Wetenschap
Hier is een uitsplitsing van hoe wetenschappers organismen classificeren:
* hiërarchisch systeem: Wetenschappers gebruiken een hiërarchisch systeem genaamd taxonomie om organismen te classificeren. Dit betekent dat ze organismen groeperen op basis van gedeelde kenmerken, beginnend met brede categorieën en specifieker worden.
* Belangrijke niveaus: De belangrijkste niveaus van classificatie zijn:
* domein: Het breedste niveau, momenteel verdeeld in bacteriën, archaea en eukarya.
* koninkrijk: Een grote groep organismen met vergelijkbare kenmerken, zoals planten, dieren, schimmels, enz.
* phylum: Een groep gerelateerde klassen, zoals gewervelde dieren (dieren met backbones) of geleedpotigen (insecten, spinnen, schaaldieren).
* klasse: Een groep gerelateerde bestellingen, zoals zoogdieren of vogels.

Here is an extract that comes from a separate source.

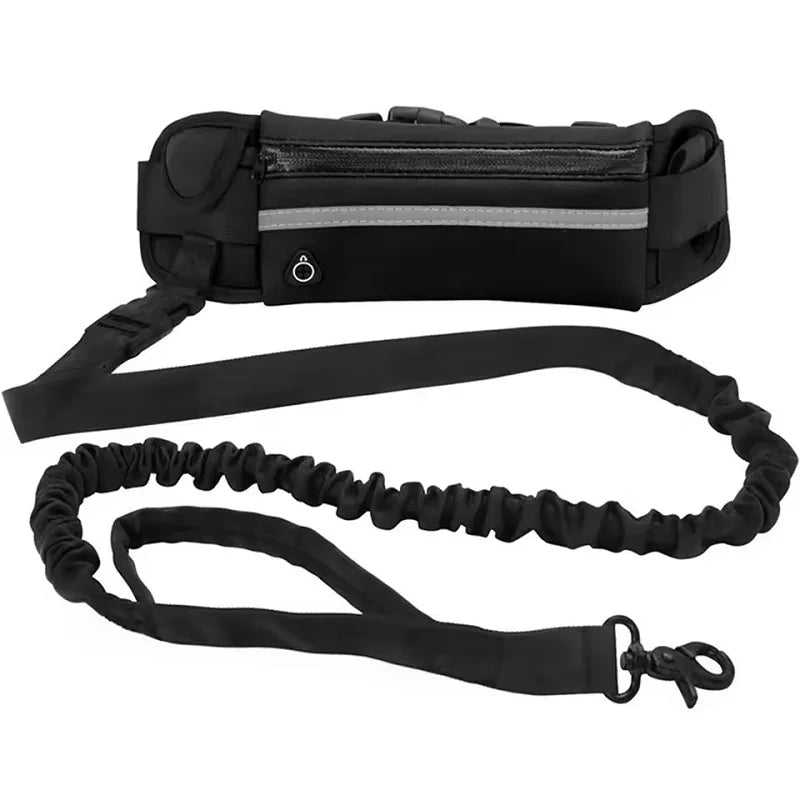 ZenStride™ Hands-Free Bungee Leash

* Bestel: Een groep gerelateerde families, zoals carnivoren of primaten.
* familie: Een groep gerelateerde geslachten, zoals katten of honden.
* geslacht: Een groep nauw verwante soorten.
* soorten: Het meest specifieke niveau, een groep organismen die zich met elkaar kunnen voortplanten en vruchtbare nakomelingen kunnen produceren.
* waar ze naar kijken: Om organismen te classificeren, kijken wetenschappers naar:
* Fysieke kenmerken: Lichaamsstructuur, celtype en externe kenmerken.
* Genetische informatie: DNA- en RNA -sequenties vergelijken.
* evolutionaire geschiedenis: Voorouderlijke relaties traceren door fossielen en genetische analyse.
Hoewel de transportmethode van een organisme nuttig kan zijn bij het beschrijven van de levensstijl, is het geen bepalend kenmerk voor zijn plaats in het taxonomische systeem. Een vleermuis en een vogel vliegen bijvoorbeeld beide, maar ze behoren tot verschillende klassen (zoogdieren en vogels) op basis van hun algemene lichaamsstructuur en andere kenmerken.